Por Dinheiro Público & Cia

Na comparaçã0 com as expectativas sombrias formadas nas últimas duas semanas, os resultados do Produto Interno Bruto anunciados hoje foram positivos.

Ao contrário do que sugeria o índice de atividade econômica do BC, a produção e a renda do país não encolheram no último trimestre do ano passado. Com isso, fica afastada a hipótese de recessão.

Mas o alívio se limita à estatística: embora o crescimento de 2,3% em 2013 tenha superado ligeiramente as projeções, não há sinal confiável de reversão das principais fragilidades da economia.

O país gasta muito, a começar pelo governo, mas ainda investe pouco, apesar da recuperação no ano passado.

Apenas 18,4% da renda nacional é destinada às obras de infraestrutura e à compra de equipamentos para a ampliação da capacidade produtiva.

O percentual é inferior aos 19,5% do final do governo Lula -e, mais ainda, aos 25% considerados desejáveis para sustentar um crescimento econômico duradouro.

Dado o descompasso entre o consumo e a capacidade de produzir, números melhores para o PIB são improváveis antes de 2016.

Com a ajuda do aumento das despesas do governo, a inflação permanece elevada e obriga o Banco Central a manter os juros mais elevados entre as principais economias do mundo.

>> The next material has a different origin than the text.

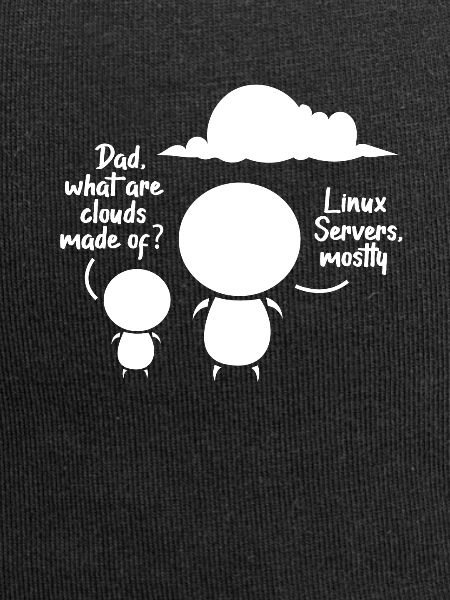 Softwareentwickler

O país também acumula deficits crescentes nas transações com o resto do mundo, porque a demanda pública e privada por bens e serviços não pode ser integralmente atendida pela produção nacional.

Já se espera um 2014 pior que 2013. Para 2015, quando começa um novo governo, cresce a expectativa de um ajuste mais doloroso, seja na forma de mais juros, de corte de gastos públicos ou de aumento de impostos.

Ou, dito de outra maneira, as coisas talvez tenham de piorar antes de melhorar.